In a request for information released Jan. 23, the California State Board of Equalization (BOE) seeks “data on the current market research for design, development, and implementation of a new Board Roll System.” Per the state constitution, the BOE is charged with assessing property owned or used by public utilities and “other specified companies operating in California,” so that counties can use those valuations to levy property taxes. BOE also annually assesses “pipelines, flumes, canals, ditches, and aqueducts” that lie across two or more counties; it assesses property (excluding franchises) that’s “owned or used by regulated railway, telegraph, or telephone companies, car companies operating on railways in the state,” and companies that transmit or sell gas or electricity. The BOE “uses the California Department of Tax and Fee Administration (CDTFA) as a technology and infrastructure service provider.” Among the takeaways:

  • The RFI’s overall goal is collecting information from entities with skills and experience in “designing workload and case management systems and technology needs,” according to the RFI. The information will be used by BOE to “develop and finalize requirements to be placed in either a leveraged procurement agreement or a request for offer, using either a California Multiple Award Schedule (CMAS) master services agreement (MSA) procurement vehicle, an invitation for bid, or a request for proposal.

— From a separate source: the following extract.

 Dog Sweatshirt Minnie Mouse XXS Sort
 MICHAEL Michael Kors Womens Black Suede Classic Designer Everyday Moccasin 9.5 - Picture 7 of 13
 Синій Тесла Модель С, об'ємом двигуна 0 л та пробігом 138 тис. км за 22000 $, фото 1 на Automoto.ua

  • BOE wants to modernize the systems supporting its State-Assessed Properties Division, which prepares yearly property value recommendations for state-assessed properties, for each taxpayer. The board uses these annual indicators and recommendations, created from information provided by taxpayers, to determine the fair market value of taxpayers’ “unitary property,” generating about $2 billion in annual property taxes for schools and local governments. The existing system is “antiquated and uses manual processes subject to human error to complete the valuation and allocation.” The modernizing is aimed at streamlining the Board Roll process “so that timelines are met and improve audit capacity to ensure accuracy of the Board Roll valuation and allocation.” BOE also wants to redesign the Board Roll System to “add increased value to the overall operations and capabilities to better serve our audiences.” Audiences include taxpayers, “tax professionals, business owners, BOE team members” as well as the public, other state entities and the media. The BOE modernization project proposed will center on “creating process improvements resulting in efficiencies, new service options, and increased revenue.”

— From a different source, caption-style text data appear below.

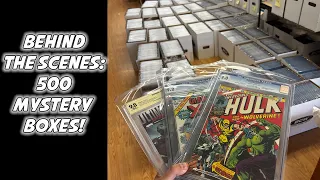 Behind The Scenes At Bry's Comics - Mystery Box Transparency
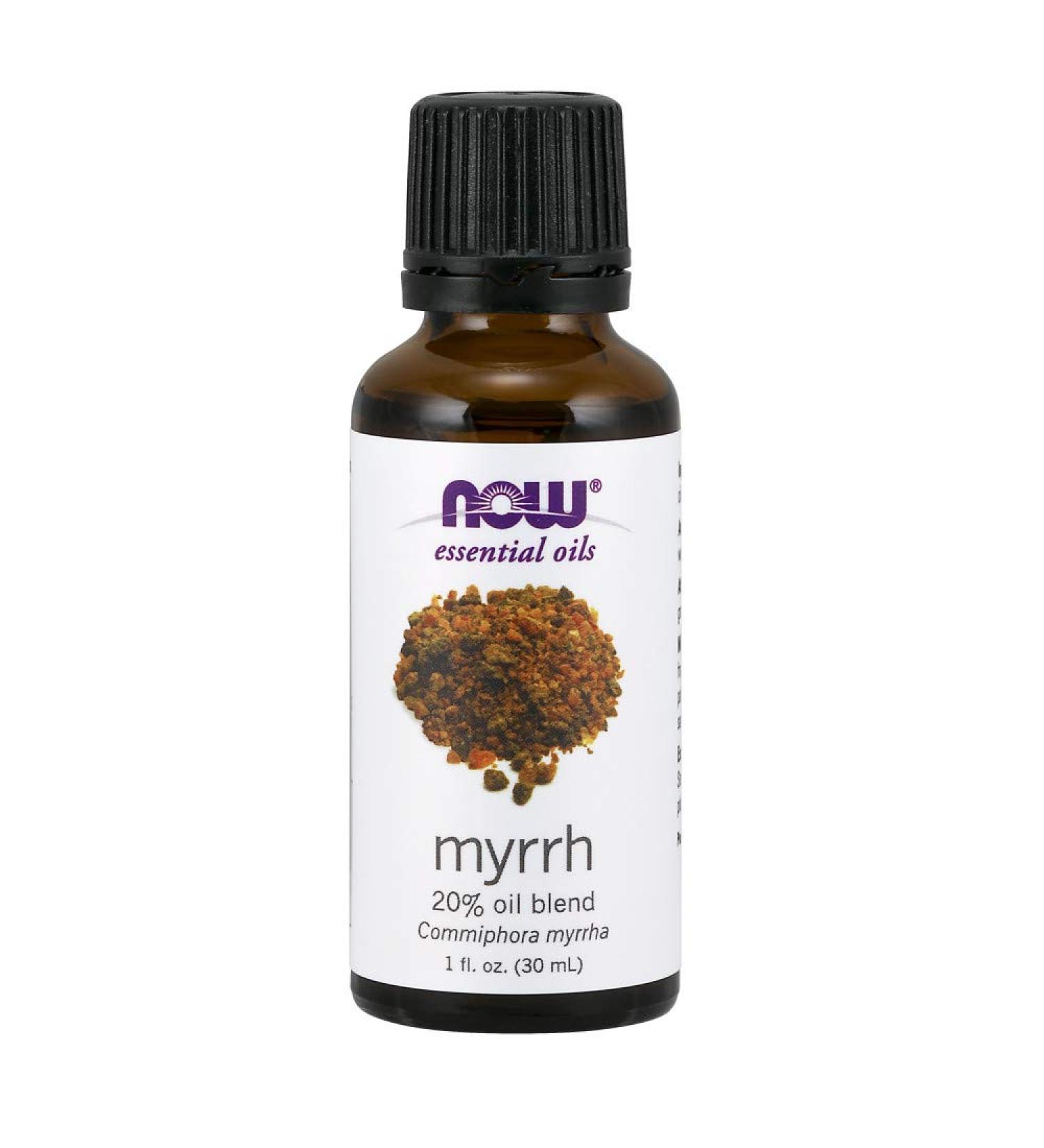 Now Foods Myrrh Essential Oil Blend 20% - 1 fl oz (30 ml) | Premium Quality - Buy Online on GoSupps.com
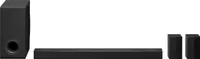 LG DS80TR, 5.1.3 kanály/kanálů, 580 W, DTS Digital Surround, DTS:X, Dolby Atmos, Dolby Digital, AI Sound Pro, Bass Blast, Bass Blast+, Hudba, Sport, 96 kHz, 220 W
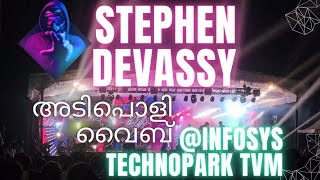 പാലാപള്ളി song അടിപൊളി വൈബ് Stephen Devassy Show  Infosys Thiruvananthapuram Technopark [upl. by Pearce528]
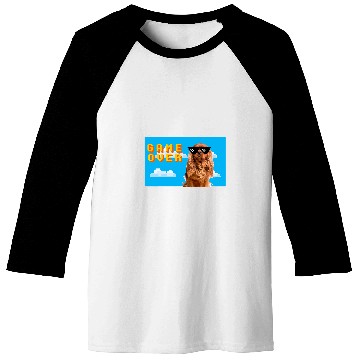 Discover 8Bit Game Over Cavalier King Charles Brown Baseball Tees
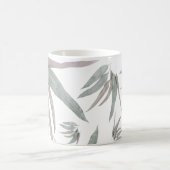 ユーカリ葉パターン コーヒーマグカップ (中央)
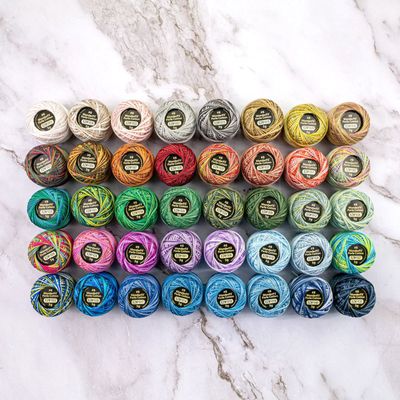 Eleganza Variegated 8wt Egyptian Perle Cotton Thread (Cool Tones 50 Colors) Wonderfil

  • The project would automate Board Roll processes for real-time validation, data capture, and audit detection for property statements and business documents, per the RFI. Its components include business improvements such as maintaining rules without the need for coding, improved audit enforcement tools, electronic correspondence imaging and routing and legacy decommissioning; improved case selection, migration to a single enterprise case and workload management system, process automation and new user dashboards; enhanced analytics via a centralized data warehouse, better search capabilities and enterprise data modeling; and self-service options for taxpayers including secure access to and submission of property statements and related documents, registration, appeals, secure chat and document viewing.

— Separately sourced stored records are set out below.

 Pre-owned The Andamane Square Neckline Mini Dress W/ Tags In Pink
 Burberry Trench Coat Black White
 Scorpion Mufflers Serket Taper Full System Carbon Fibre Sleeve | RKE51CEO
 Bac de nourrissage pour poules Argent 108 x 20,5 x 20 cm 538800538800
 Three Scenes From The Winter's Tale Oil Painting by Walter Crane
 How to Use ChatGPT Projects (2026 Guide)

  • Respondents should detail their company’s experience around “the design and development of workload and case management implementations”; customers that are comparable to BOE; experience around stakeholder engagement, polling and analysis; and whether the company has a CMAS, MSA or a software license program (SLP) offering “services and labor classifications relevant to CDTFA’s anticipated scope of work ... .” Companies responding should also detail the tools and methodology they’ll use for training, mentoring and knowledge transfer; to achieve a responsive, customer-centric design; whether the solution would be software as a service, commercial off-the-shelf or other; and how it will integrate and interface with existing systems and data sources.
  • Responses to questions are expected Thursday and responses to the RFI are due Feb. 13.
Theo Douglas is Assistant Managing Editor of Industry Insider — California.